_TASK STATEMENT_:
Take the line with "Plus Size Basic" as the first and the last line of the data as the end. Write out both and every line between exactly, except pictures.

_INFORMATION PROVIDED_:
****************
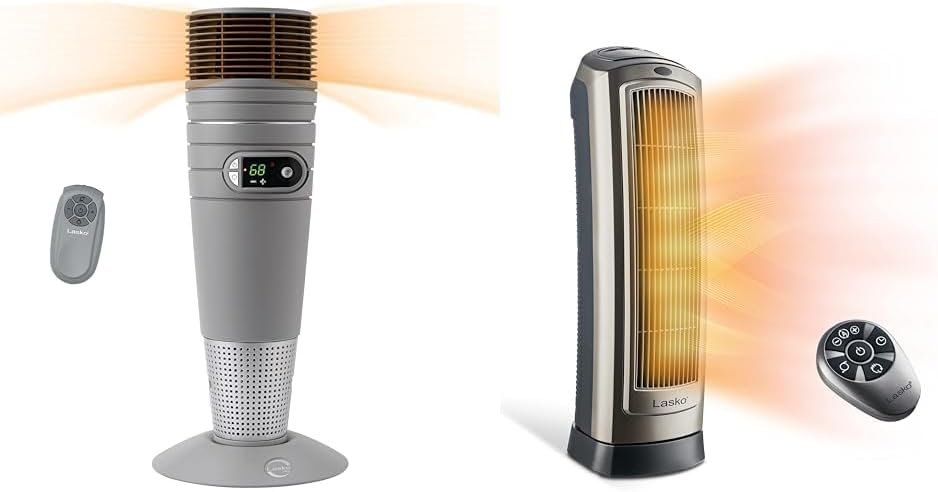 Lasko Heating Space Heater, 25, Grey 6462  Oscillating Digital Ceramic Tower Heater for Home with Adjustable Thermostat, Timer and Remote Control, 23 Inches, 1500W, Silver, 755320 Lasko Heating Space Heater, 25, Grey 6462  Oscillating Digital Ceramic Tower Heater for Home with Adjustable Thermostat, Timer and Remote Control, 23 Inches, 1500W, Silver, 755320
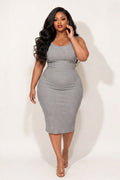 Plus Size Basic Tank Rib Dress - Heather Grey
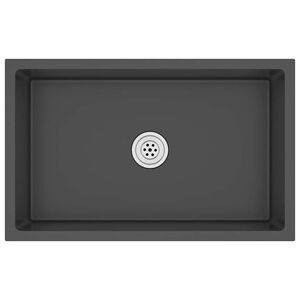 vidaXL Virtuvės plautuvė, juoda, rankų darbo, nerūdijantis plienas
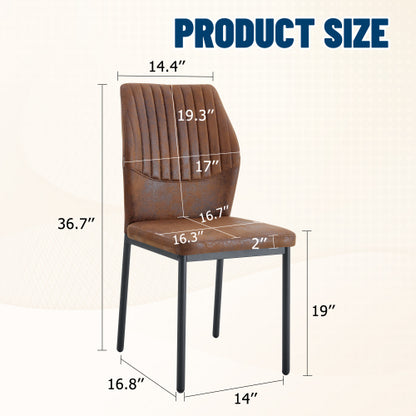 Striped Back Fabric Dining Chairs with Black Metal Legs, Set of 2, Brown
****************
_RESULT BELOW_:
 Plus Size Basic Tank Rib Dress - Heather Grey
 vidaXL Virtuvės plautuvė, juoda, rankų darbo, nerūdijantis plienas
 Striped Back Fabric Dining Chairs with Black Metal Legs, Set of 2, Brown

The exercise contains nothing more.